> Material for this exercise:
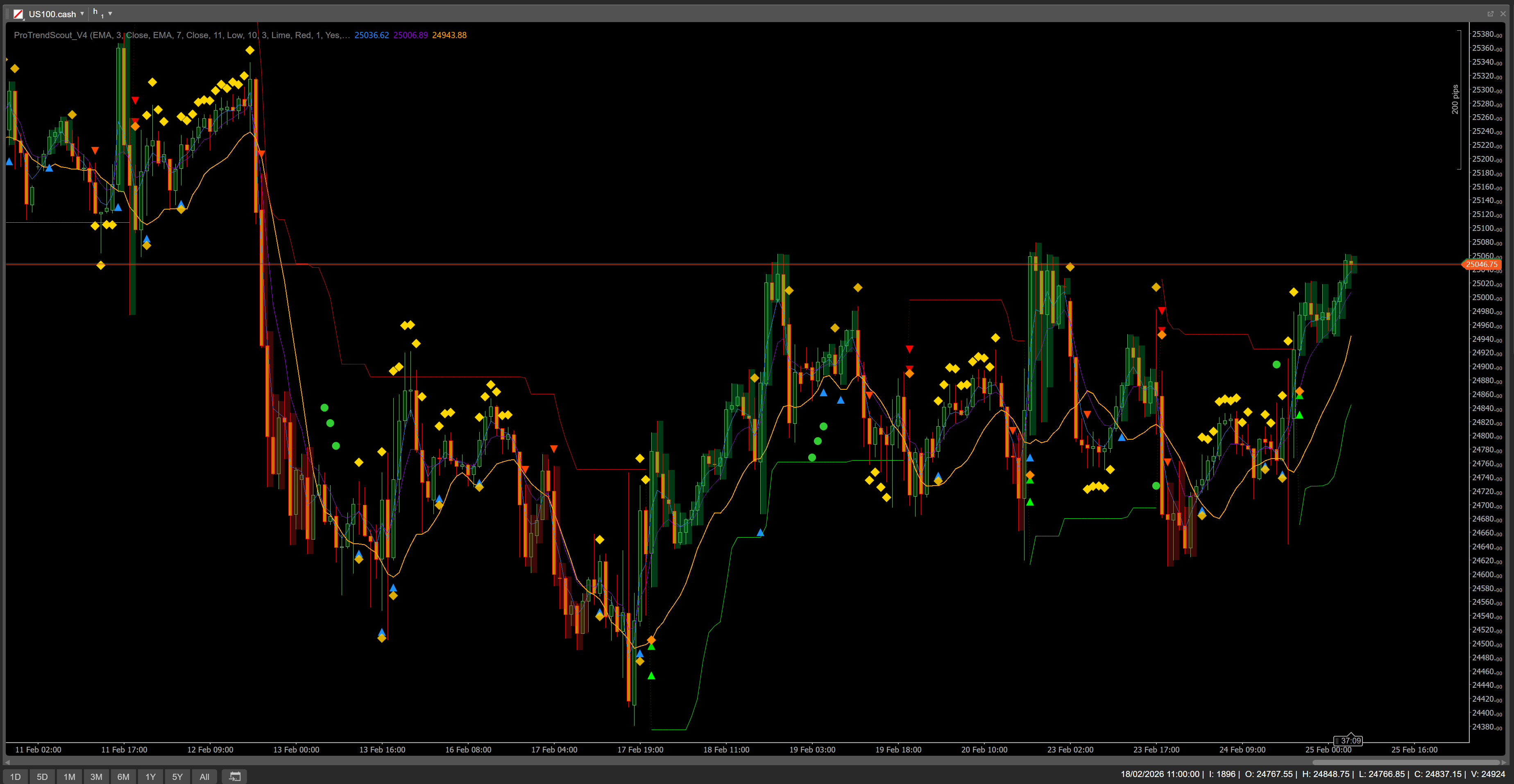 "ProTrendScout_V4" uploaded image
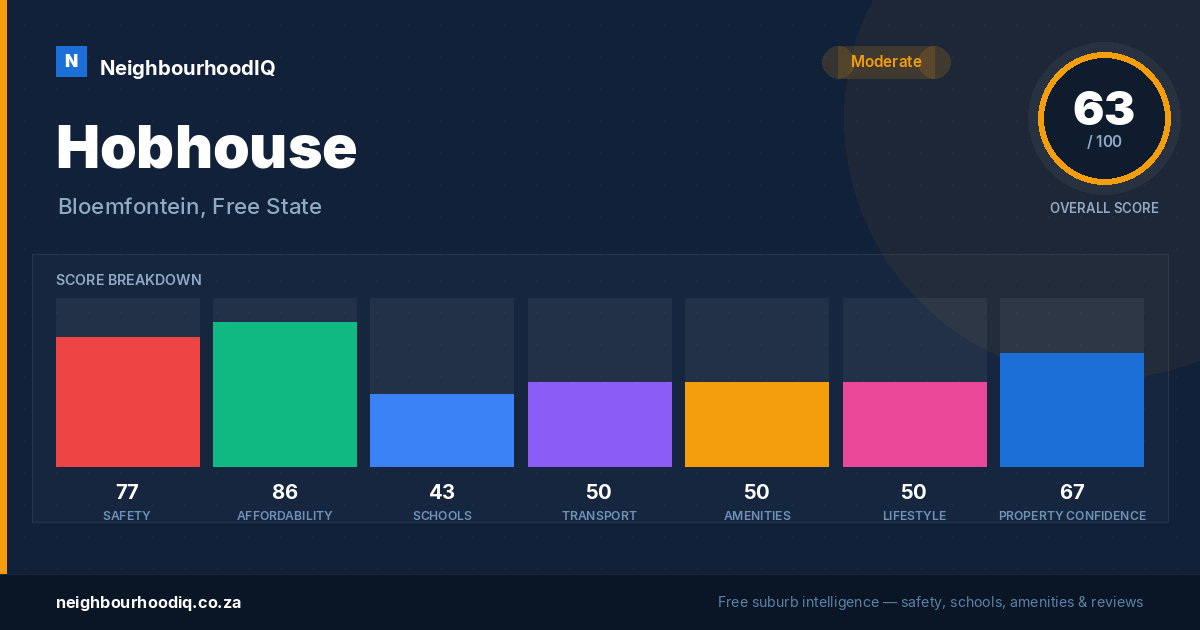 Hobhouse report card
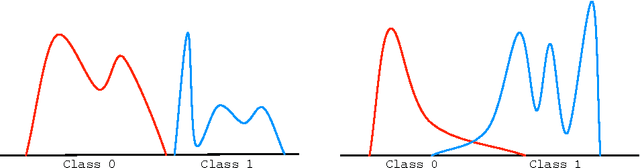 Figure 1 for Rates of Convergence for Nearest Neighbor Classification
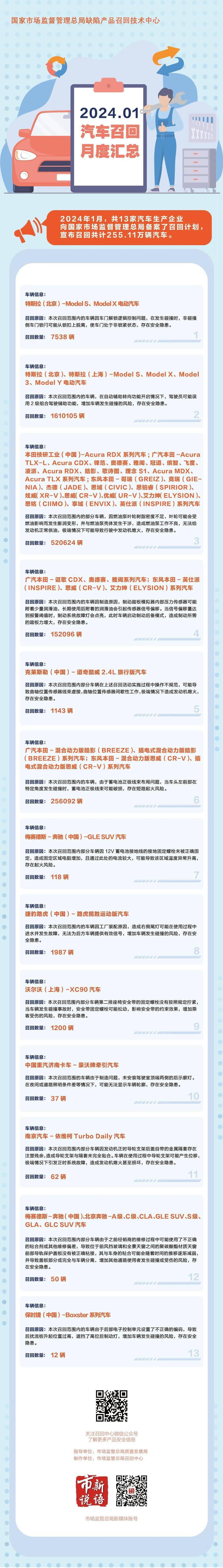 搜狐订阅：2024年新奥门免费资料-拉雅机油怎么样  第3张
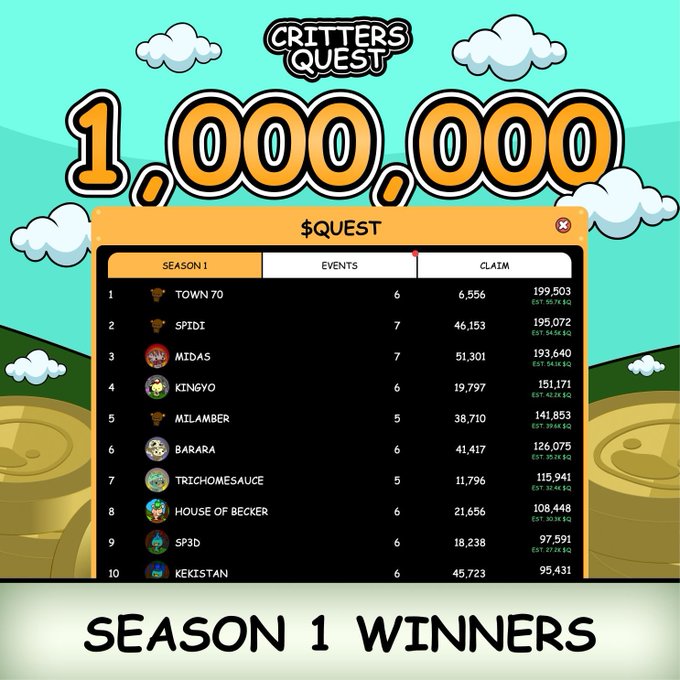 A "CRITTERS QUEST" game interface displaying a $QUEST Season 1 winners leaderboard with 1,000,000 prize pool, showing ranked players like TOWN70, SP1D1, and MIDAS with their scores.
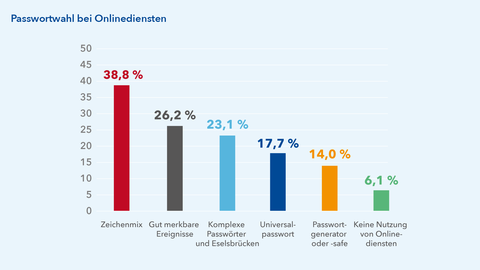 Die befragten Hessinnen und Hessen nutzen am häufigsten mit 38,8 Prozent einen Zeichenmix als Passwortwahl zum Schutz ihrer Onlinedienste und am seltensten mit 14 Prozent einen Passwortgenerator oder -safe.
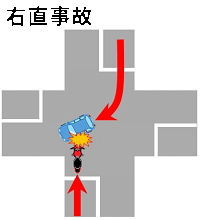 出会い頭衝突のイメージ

---

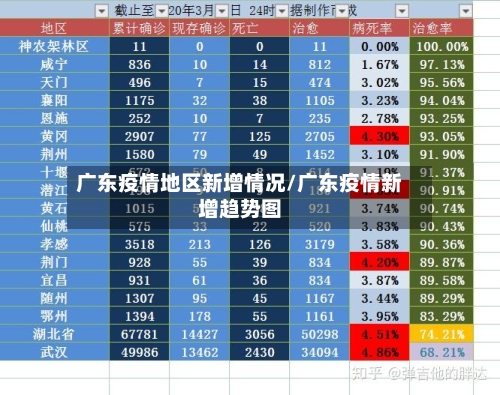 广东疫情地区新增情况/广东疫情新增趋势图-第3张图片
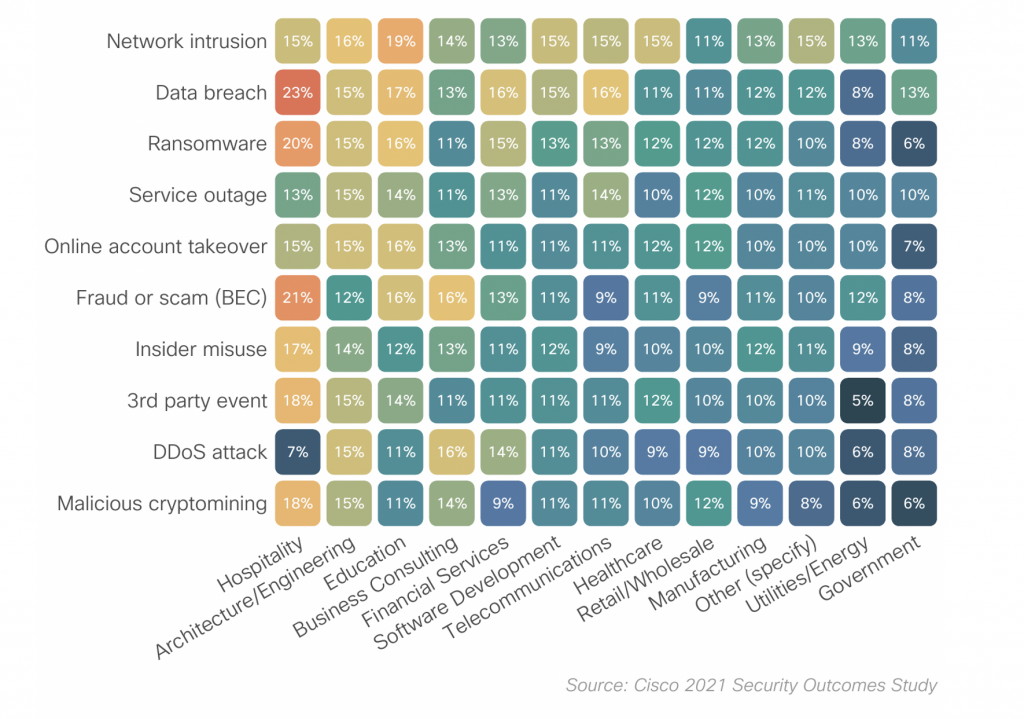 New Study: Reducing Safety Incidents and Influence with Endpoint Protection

> Task statement:
Copy only what runs above from the line containing "with their scores." through the line containing "出会い頭衝突のイメージ", exactly. Leave out the pictures.

> Exercise output:
 A "CRITTERS QUEST" game interface displaying a $QUEST Season 1 winners leaderboard with 1,000,000 prize pool, showing ranked players like TOWN70, SP1D1, and MIDAS with their scores.
 Die befragten Hessinnen und Hessen nutzen am häufigsten mit 38,8 Prozent einen Zeichenmix als Passwortwahl zum Schutz ihrer Onlinedienste und am seltensten mit 14 Prozent einen Passwortgenerator oder -safe.
 出会い頭衝突のイメージ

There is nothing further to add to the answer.